▼

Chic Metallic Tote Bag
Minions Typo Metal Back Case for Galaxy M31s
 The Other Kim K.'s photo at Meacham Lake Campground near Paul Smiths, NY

▲

Everything in the listing should be written out exactly.

Chic Metallic Tote Bag
Minions Typo Metal Back Case for Galaxy M31s
 The Other Kim K.'s photo at Meacham Lake Campground near Paul Smiths, NY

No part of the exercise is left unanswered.